Charges filed in February 2024 included:

The prosecution alleged the vulnerability disclosure constituted an attempt to "extort payments through threats of public exposure"^[7][6][8]

First heard in March 2025 before Magistrate Marse-Ann Farrugia, the case featured:

• Prosecution Team: Inspectors Markus Cachia and Warren Muscat with AG lawyers Mauro Abela and Daniel Vancell
• Defense Counsel: Joe Giglio/Michaela Giglio (students), Michael Sciriha/Lucio Sciriha (Vella)
• Key Arguments:
  • Defense emphasized compliance with RFC 9116 vulnerability disclosure standards
  • Prosecution focused on technical unauthorized access under literal law interpretation.^[1][5][3]

All defendants pleaded not guilty, with ongoing proceedings suspended following the cabinet’s pardon recommendation on March 11, 2025.^[9][3]

25 student organizations including KSU (Kunsill Studenti Universitarji) issued a joint statement condemning the charges as "an assault on academic freedom and cybersecurity progress". The University of Malta Academic Staff Association (UMASA) launched a legal defense fund, raising €28,000 within 72 hours.^[3]

The Malta Information Technology Agency (MITA) revised its vulnerability disclosure policies within weeks of the case going public. Private sector impact included:

• 43% decrease in Maltese bug bounty program participation (2023 Cybersecurity Malta Report)
• Relocation of two cybersecurity startups to CyberTech Northumbria (UK).^[4][3]

The Nationalist Party proposed the Ethical Cybersecurity Research Act in January 2025, featuring:

• Safe harbor provisions for credentialed researchers
• Mandatory vulnerability disclosure programs for critical infrastructure
• Tax incentives for companies adopting ISO 30111 incident response standards.^[2][3]

Independent audits commissioned by the defense revealed systemic issues:

# Example of flawed authentication check in FreeHour API
def get_user_data(request):
    user_id = request.GET.get('user_id')
    if User.objects.filter(id=user_id).exists():  # No session validation
        return UserDataSerializer(User.objects.get(id=user_id)).data
    else:
        return HttpResponse(status=404)

This code allowed any user to retrieve others' data by simply altering the user_id parameter. The students demonstrated that combining this with improper CORS configurations could enable cross-site scripting attacks against FreeHour's mobile client.^[2][3]

On March 11, 2025, Justice Minister Jonathan Attard announced the cabinet's unanimous pardon recommendation based on:

1. Retrospective application of EU Directive 2023/887 on ethical hacking
2. FreeHour's admission that no data breaches occurred post-disclosure
3. Malta's obligation under the Cyber Resilience Act to encourage security research^[4][3]

The pardon requires formal approval by President Myriam Spiteri Debono, expected by April 2025 pending constitutional review.

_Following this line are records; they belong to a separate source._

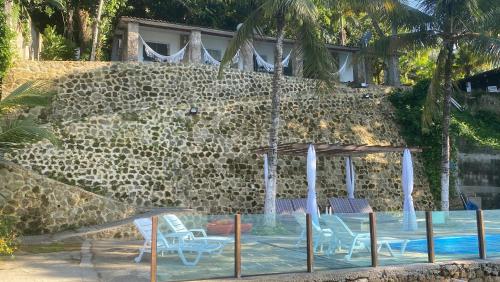 a swimming pool with chairs and a stone wall at Vivalavida Serra&Mar in Angra dos Reis
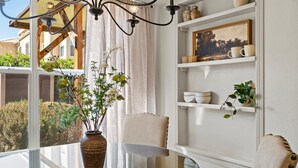 A dining area with a glass table, chairs, a vase with flowers, and a chandelier. - Location! Location! Amazing *Hidden Gem* -NE Heights! Family and pet friendly 🐶  (Albuquerque)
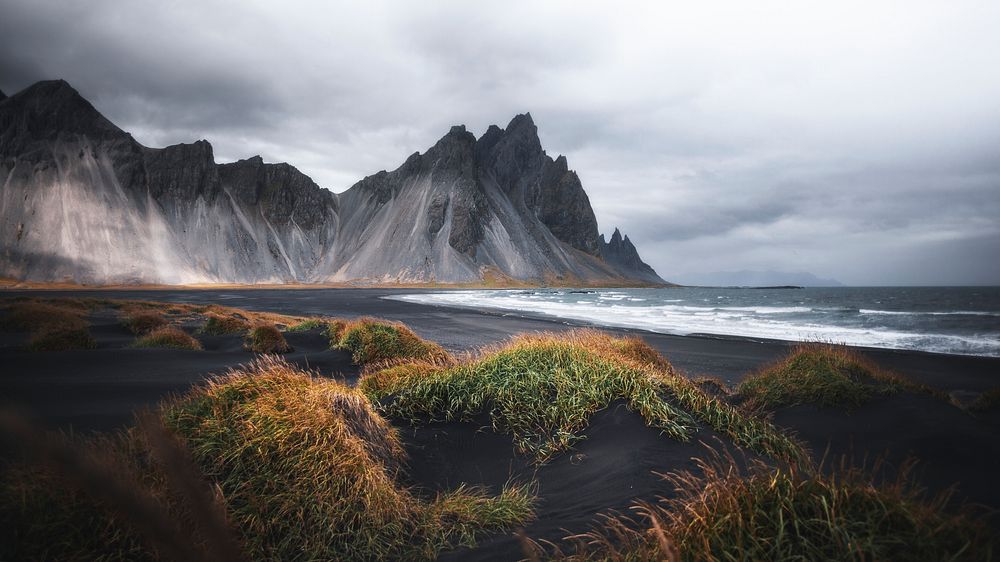 Nature desktop wallpaper background, cloudy black sand beach in Iceland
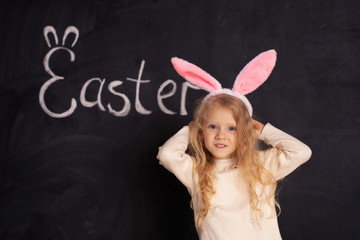 Cheerful provocative girl in the ears of a rabbit on the background of a black board with the inscription Easter in anticipation of the holiday.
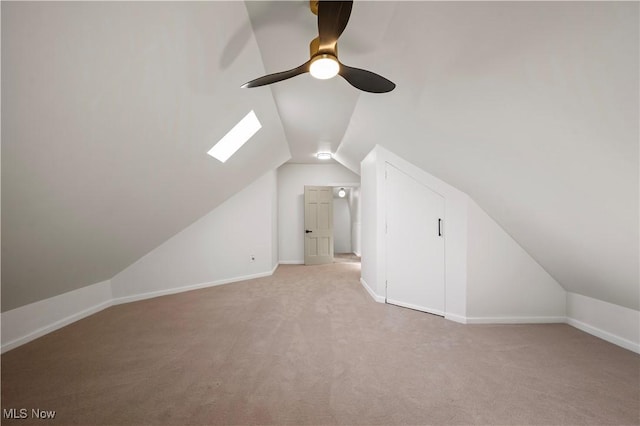 bonus room with lofted ceiling, baseboards, and light carpet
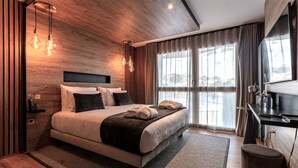 Une chambre d’hôtel moderne, dotée d’un grand lit, de lampes de chevet, d’un bureau avec un ordinateur et offrant une vue sur l’extérieur.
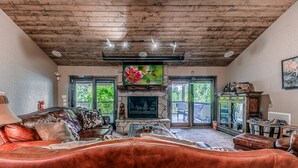 Un salon chaleureux avec une cheminée, des canapés en cuir et un plafond en bois.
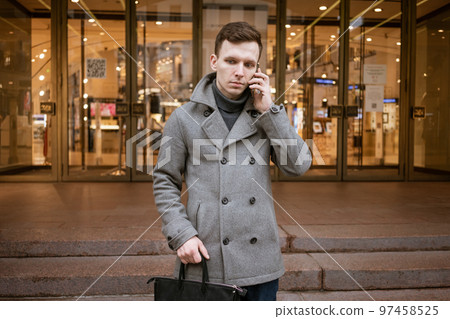 Man in gray coat and sweater stands on city street. Talks on phone. Solves 97458525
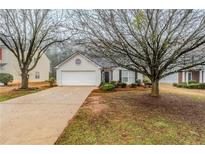Traditional home featuring a one-car garage and welcoming front porch, framed by mature trees at 2464 Hampshire Cv, Conyers, GA 30013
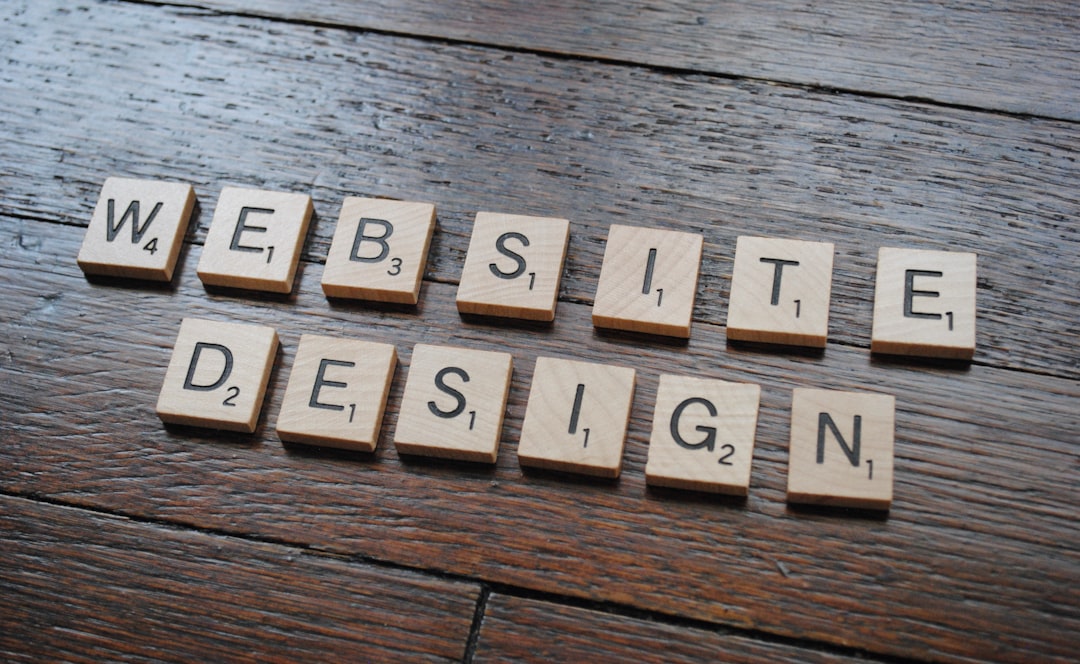 Scrabble tiles spelling 'WEBSITE DESIGN' on a wooden surface.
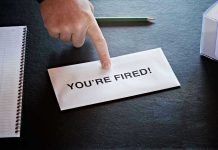 Envelope with YOURE FIRED! and pointing finger.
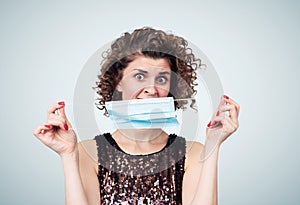 Young pretty girl holding medical respiratory mask with fear expression, on background.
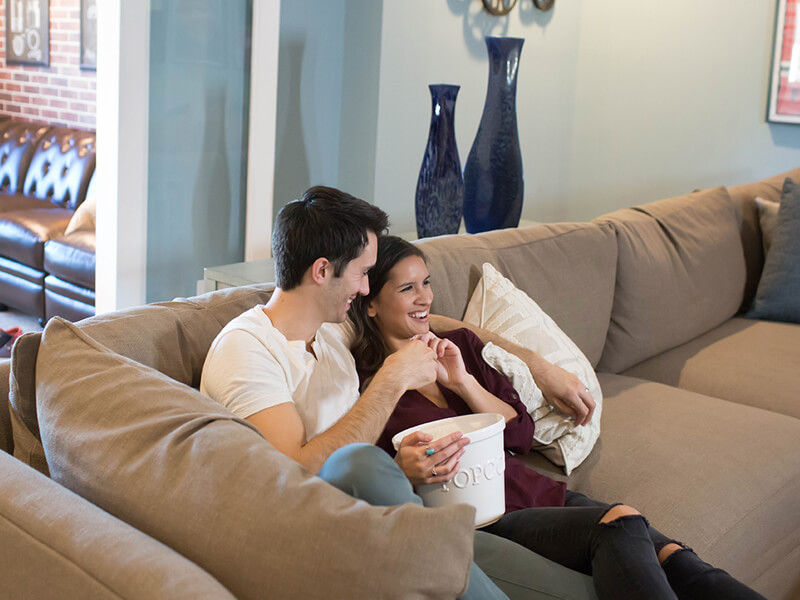 Couple watches movie on sofa with popcorn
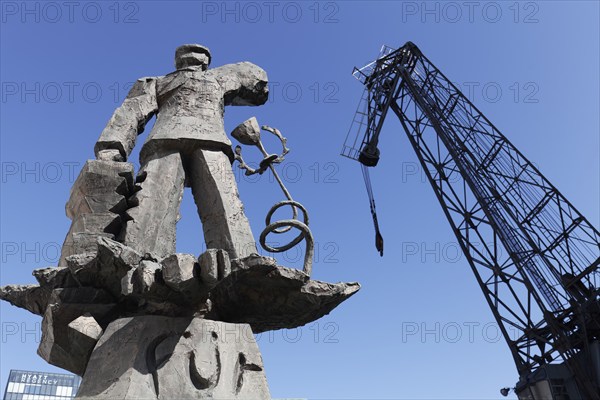 Hans Albers statue, bronze sculpture by sculptor Jörg Immendorf, and old harbour crane, Düsseldorf Media Harbour, Düsseldorf, North Rhine-Westphalia, Germany, Europe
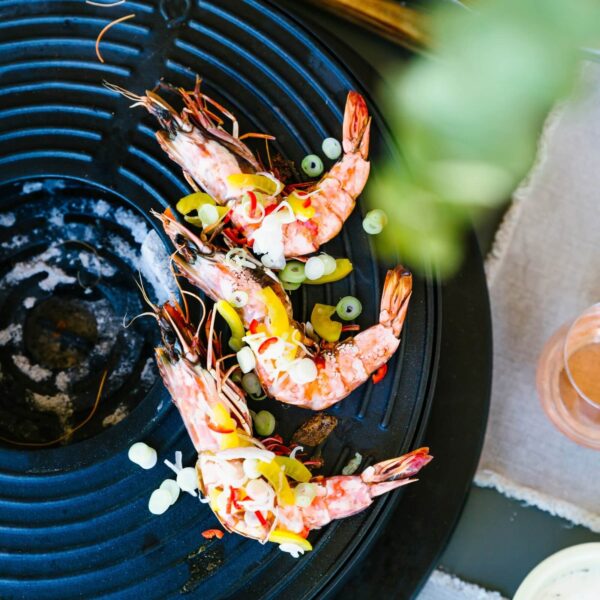 Camarones cocinándose en la barbacoa de mesa Tabl’O con guarnición de cebollines y pimientos.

• Academic Restrictions: Barred from European Cybersecurity Challenge 2023-2024, causing all team members to not attend, even those who didn't hack FreeHour.
• Equipment Seizures: 14 devices remained impounded for 28 months
• Psychological Effects: Diagnosed PTSD in two defendants per court-submitted medical reports.^[4][3][7]

The case accelerated Malta’s adoption of the Convention on Cybercrime (Budapest Convention) Chapter III provisions in January 2025. Key changes included:

1. Article 337bis: Exemption for security research conducted in public interest
2. Bug Bounty Framework Act: Mandatory 72-hour response timelines for vulnerability reports
3. Academic Research Shield: Immunity for university-affiliated cybersecurity projects^[2][3]

FreeHour implemented a public vulnerability disclosure program in June 2024, awarding the original researchers a retroactive €15,000 bounty. As of March 2025, no further security breaches have been reported in the platform.^[2][3]

The case received attention from global digital rights organizations:

• Electronic Frontier Foundation called it "a textbook case of anti-security litigation"
• Europol included the incident in its 2024 Internet Organised Crime Threat Assessment
• Oxford University established a research fellowship on Mediterranean cybersecurity law reform^[2][3]

Ongoing debates continue at the UN Internet Governance Forum regarding harmonization of ethical hacking regulations across civil law jurisdictions.